Para mim, sim, devido à forma como a Justiça Eleitoral divulga
oficialmente os BUs eletrônicos, tornando impraticável essa verificação.
A divulgação, pela internet, é em momento e endereço não anunciados
previamente, e dentro de um prazo elástico – na eleição de 2010 era de
24 horas, na de 2012 saltou para três dias. E depois da divulgação do
resultado oficial, e com modo de acesso assaz peculiar, conforme observo
em artigo recentemente publicado.
Explico. Após esses BUs eletrônicos serem disponibilizados, o tempo
que se tem para efeito de prova de irregularidade na soma divulgada como
resultado oficial é de até 72 horas. Só que a gente não fica sabendo
exatamente quando isso acontece, pois a divulgação, pela internet, é em
momento e endereço não anunciados previamente, com modo de acesso manual
seção por seção, via formulário. Parece irracional, mas é desse jeito
que determina a resolução TSE 23.372, em seus artigos 145 e 150,
aprovada em plenário do Tribunal Superior Eleitoral em 14/12/11.

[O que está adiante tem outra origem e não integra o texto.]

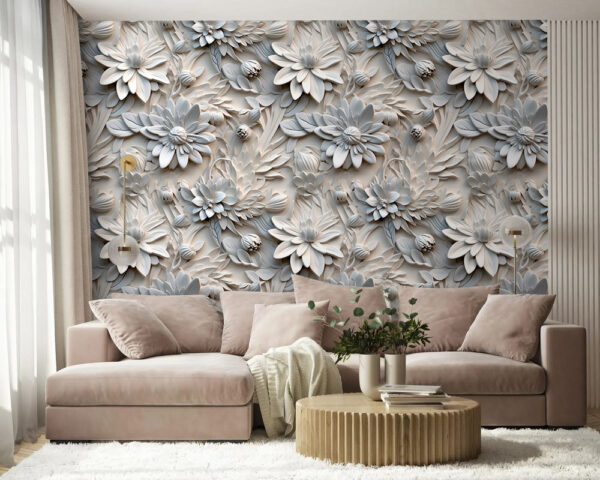 White flower pattern on a wall White flower pattern on a wall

Assim, é praticamente impossível verificar isso com precisão. Razão pela qual ninguém a faz mesmo, como afirma o jovem Rangel.
Quando se quer provar que uma soma está correta, não há razão lógica
para se publicar tantas parcelas tão sorrateiramente, em até três dias
depois do resultado. A não ser que o real objetivo seja dificultar a
verificação externa dessa “prova” ou impedir sua utilidade, enquanto se
pode afirmar que ela está disponível a qualquer um. E, de fato, não
conheço ninguém que a tenha feito.
O senhor já sabia dessa possibilidade de fraude ou foi novidade?

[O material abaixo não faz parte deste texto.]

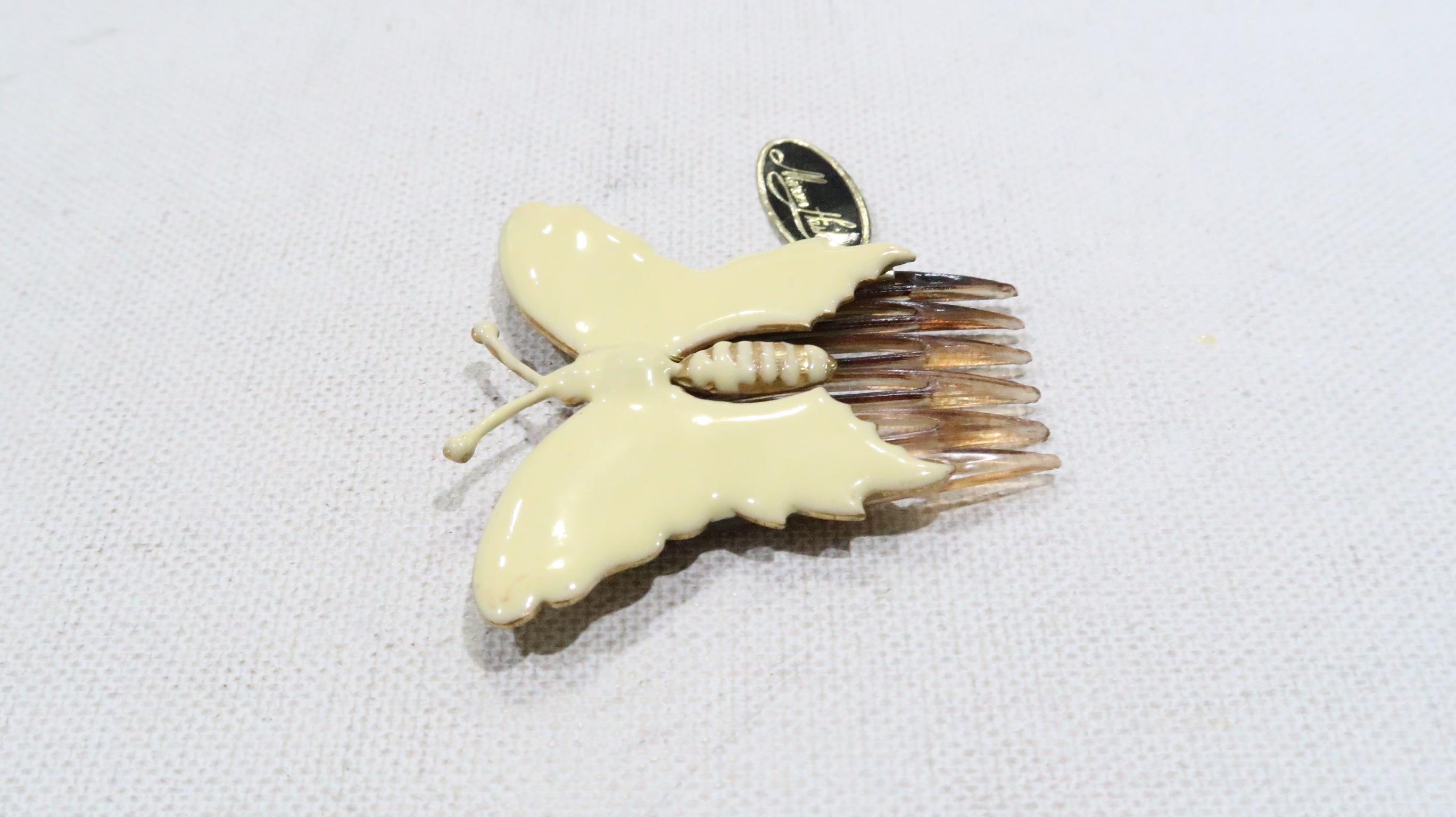 Miriam Haskell Cream Enamel Butterfly Celluloid Hair Comb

Eu sabia que essa possibilidade era latente a uma análise de riscos
equilibrada do nosso processo de votação. Mas não tinha elementos
concretos para especular ou elaborar honestamente. De um lado, devido ao
ofuscamento com que o seu contexto sempre foi tratado oficialmente. De
outro, como a mídia corporativa sempre prestou serviço a esse
ofuscamento, sempre se fazendo de boba quanto à diferença entre
segurança “da urna eletrônica” e segurança do processo de votação como
um todo.
Consequentemente, nesta situação, não convinha, para mim e para o
valor das minhas críticas, nutrir com especulações puramente teóricas a
pecha de paranoico conspiracionista que ambas sempre tentaram me
impingir, ao longo de mais de dez anos de críticas ao nosso processo de
votação.
Essa possibilidade de fraude decorre da vulnerabilidade do sistema como um todo?

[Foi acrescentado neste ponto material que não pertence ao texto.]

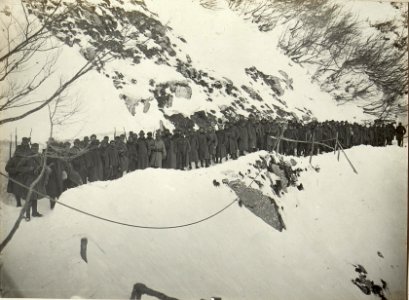 Die italienischen Gefangenen von der Cukla. (81 Mann) Standpunkt, Kote 1313 Rombon. (BildID 15469026)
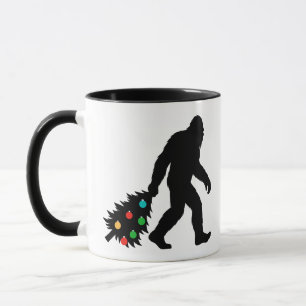 Bigfoot Dragging Christmas Tree Mug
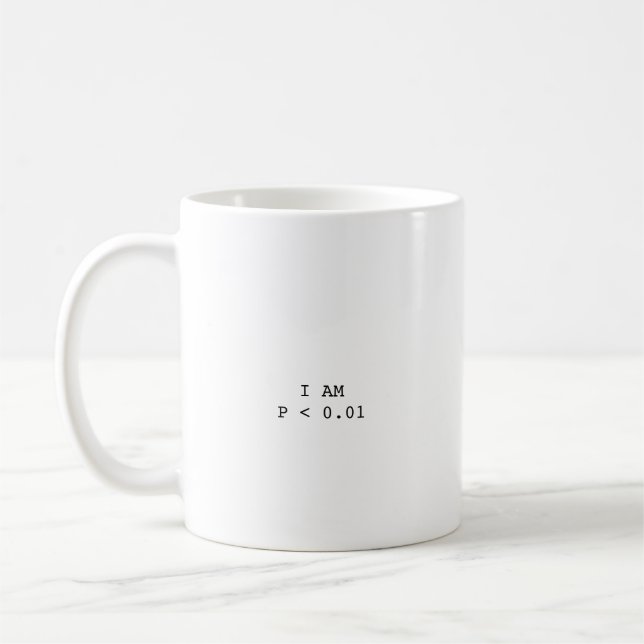 Jag är P < 0,01 Psykologstatistik Roligt Present Kaffemugg (Vänster)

A meu ver decorre, em parte, da vulnerabilidade do sistema como um
todo. E, em parte, por tal vulnerabilidade ter passado desapercebida da
grande maioria dos eleitores por tanto tempo, enquanto as pessoas iam
sendo induzidas, com ingênuo ufanismo e propaganda massiva, a tomar a
segurança de uma coisa pela da outra.
O professor Pedro Rezende trabalhou
no Vale do Silício, Califórnia (EUA), com controle de qualidade na
Apple Computer e com as primeiras aplicações em hipertexto (hypercards),
em 1988. É consultor em criptografia e segurança na informática para
empresas, órgãos públicos, legisladores, operadores do Direito e
agências de fomento à pesquisa científica e à produção cultural.
Coordena o Programa de Extensão em
Criptografia e Segurança Computacional da UnB, onde montou e ministra o
primeiro curso de programação para Infraestrutura de Chaves Públicas
(ICP) no Brasil. Conselheiro do Instituto Brasileiro de Política e
Direito na Informática, ex-conselheiro da Free Software Foundation Latin
America (2006-2008) e ex-representante da sociedade civil no Comitê
Gestor da Infraestrutura de Chaves Públicas Brasileira, ICP-BR, por
designação do presidente da República (2003-2006).